The above 7 things that we have done right will be applicable to future data migration projects that I will do. #6 (preventing data page from rearranging) may be specific to SQL Server, but its spirit is widely applicable: better understand the underlying implementation of the database system, to minimize the performance hit when migrating non-trivial amount of data or touching a lot of rows.
Besides, two more takeaways of mine are:
- Have the right expectation. Data migration will be hard. After spending all the time in design, implementation and testing, the actual migration will also take a lot of time. In our project, we ran into weird data patterns in production that we never thought it would be possible. It turned out to be the result of some old code which is now gone (either retired, or fixed as a bug). In production, we also discovered quite some bugs in our migration code that were hard to discover in test environment. It takes many iterations to discover them, fix, test the fix, roll-out the new bits, resume the migration and discover a new issue. It would be helpful if you could get a snapshot of full production data to test your migration code offline. But in some cases, due to security/privacy/compliance, the data to be migrated must not leave the production data center and sanitizing it will defeat the purpose.

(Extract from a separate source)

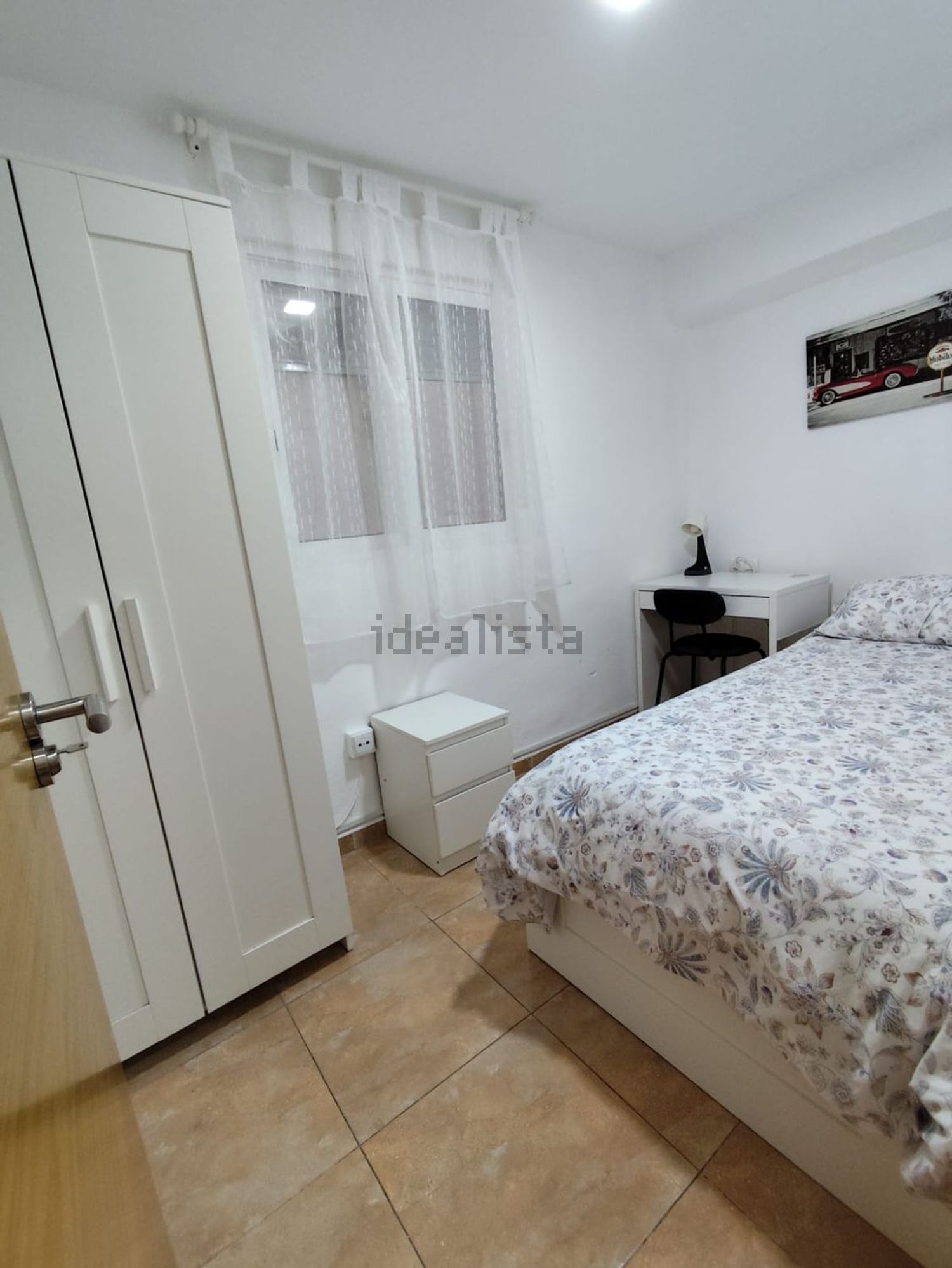 Habitación en alquiler, Valencia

- Do not do migration of frontend and database at the same time. If you must abandon both the old frontend (e.g. REST API, Web UI, etc.) and old database, do it in two steps: First, do the data migration. Keep the frontend unchanged to customers, and only change the frontend code under the hood to work with the new database. Second, build a new frontend on top of the new database. For sure the two-steps way sound more costly. But in my experience (I have done both ways in different projects), the two-steps way counter-intuitively will end up more cost efficient, less risky, more predictable and more under control.